At first the problem was a broken arm.

Now she is losing her mind.

It is odd how many of the same skills I use daily with my students I now use talking to my aunt and uncle.

He’s always been a deliberate person, considering options from every angle before making a decision, but now he processes slowly and remembers less easily, so waiting for him to make a decision requires every bit of patience and gentle prodding I can muster.

My aunt’s once focused mind is now lost in a world of its own creation. Her increasingly bizarre statements show she is no longer the person my uncle married 50 years ago this past Valentine’s Day.

Listening to my aunt is exhausting.

I’ve always said that I get energy from my students and that is so. Dealing with the elderly, I am discovering, has the exact opposite effect, rendering me  an old battery trying to start a car on a very cold winter morning.

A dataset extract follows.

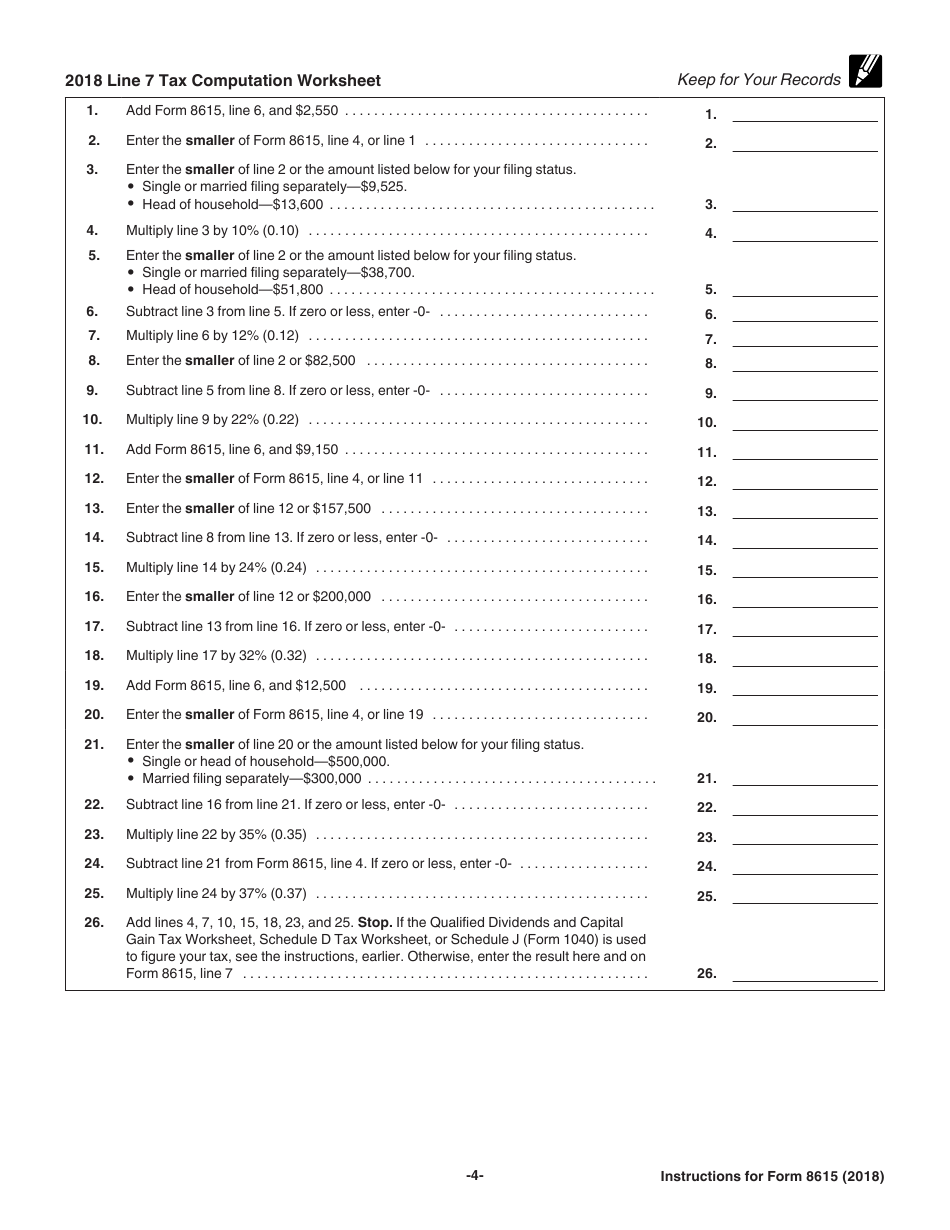 Download Instructions for IRS Form 8615 Tax for Certain Children Who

Don’t get me wrong; I am happy to be able to help my childless relatives. I’m the oldest nephew and my uncle, a major figure in my childhood, has remained a reliable guidepost throughout my life.

Even so, dealing with my elderly relatives is far more difficult than dealing with the most difficult students.

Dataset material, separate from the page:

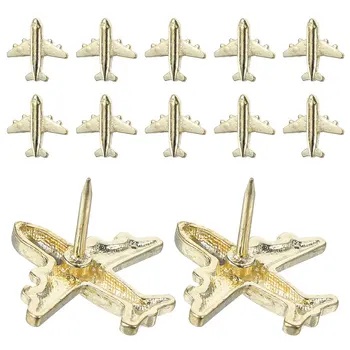 24pcs Antique Airplane Modeling Push Pin Home Office School Craft Projects Cork Board Photo Wall Bulletin Photos Pushpins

I care deeply about my students, and not just their academics. I try to be for them what my uncle was for me; someone I could depend on when things got rough, someone who helped me learn that I did not have to be the person I often saw being modeled for me at home.

I tell my students that all experiences produce learning, but that we have to capture it and connect it to what we already know.

I enjoy working with my students, but I never thought of them as a relief before.

Being there for my relatives this past week has given me a valuable new perspective on what I do every day.

I will try to remain open to the lessons that new perspective offers.

.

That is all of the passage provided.